◆ Directions for this task
Excluding pictures, reproduce word for word the lines from the one containing "The objective of" through the end of the material below.

◆ Dataset section
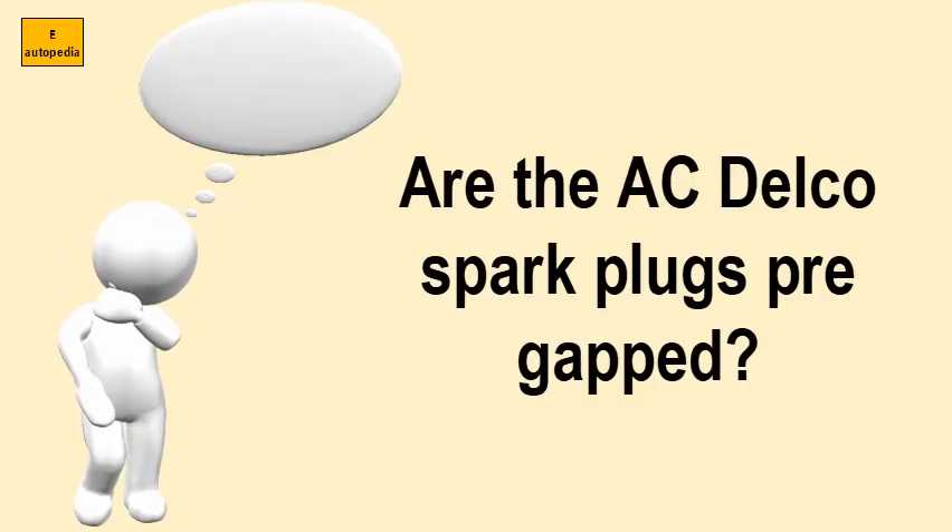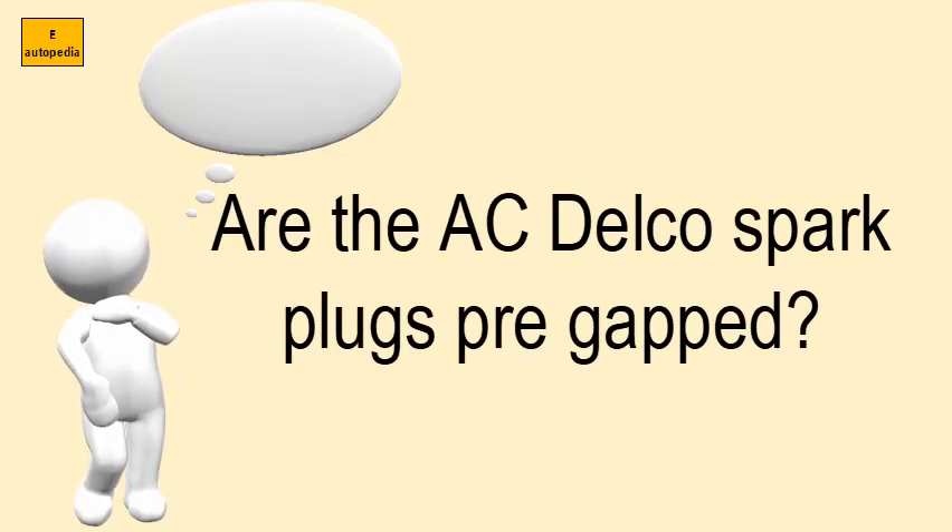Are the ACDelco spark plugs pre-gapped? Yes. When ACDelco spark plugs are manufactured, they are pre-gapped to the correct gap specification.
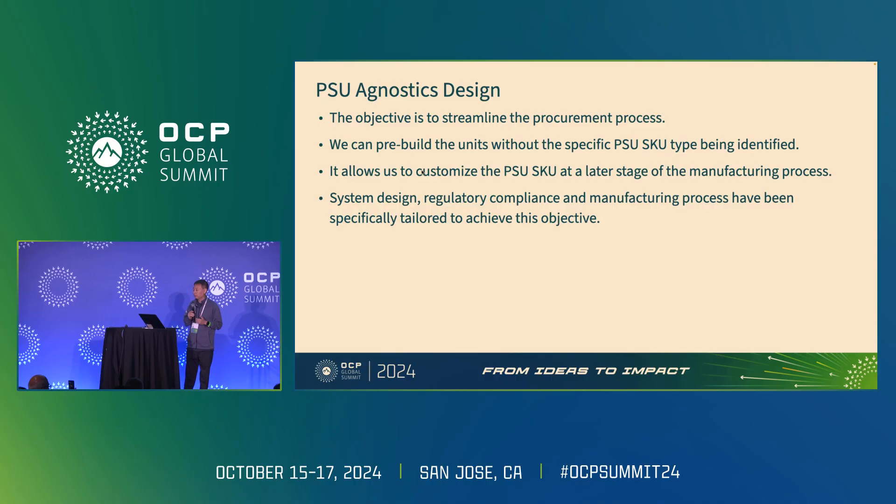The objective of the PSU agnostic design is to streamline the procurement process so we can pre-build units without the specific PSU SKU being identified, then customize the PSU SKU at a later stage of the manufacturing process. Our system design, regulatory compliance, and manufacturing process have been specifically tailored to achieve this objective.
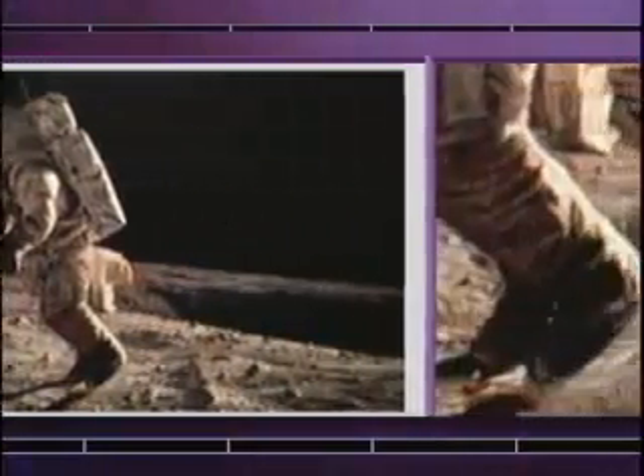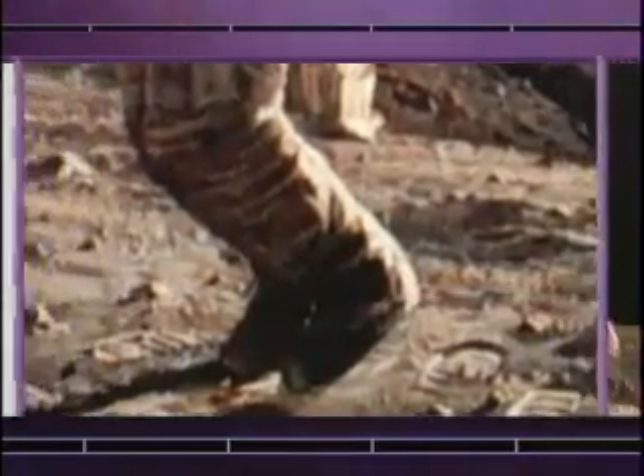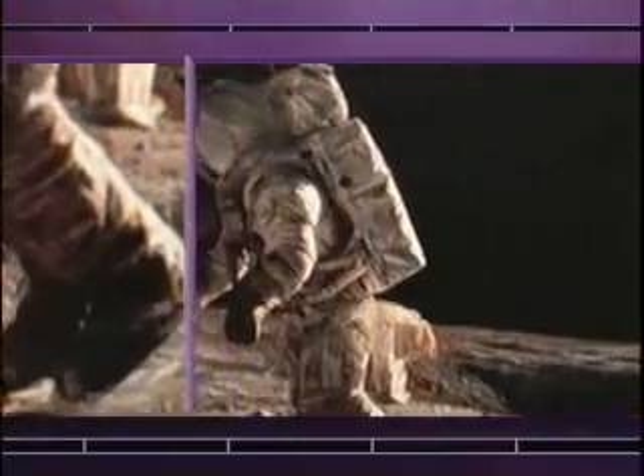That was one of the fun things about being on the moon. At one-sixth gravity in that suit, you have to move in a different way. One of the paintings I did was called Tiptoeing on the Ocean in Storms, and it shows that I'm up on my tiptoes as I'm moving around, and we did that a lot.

◆ Written answer
The objective of the PSU agnostic design is to streamline the procurement process so we can pre-build units without the specific PSU SKU being identified, then customize the PSU SKU at a later stage of the manufacturing process. Our system design, regulatory compliance, and manufacturing process have been specifically tailored to achieve this objective.
That was one of the fun things about being on the moon. At one-sixth gravity in that suit, you have to move in a different way. One of the paintings I did was called Tiptoeing on the Ocean in Storms, and it shows that I'm up on my tiptoes as I'm moving around, and we did that a lot.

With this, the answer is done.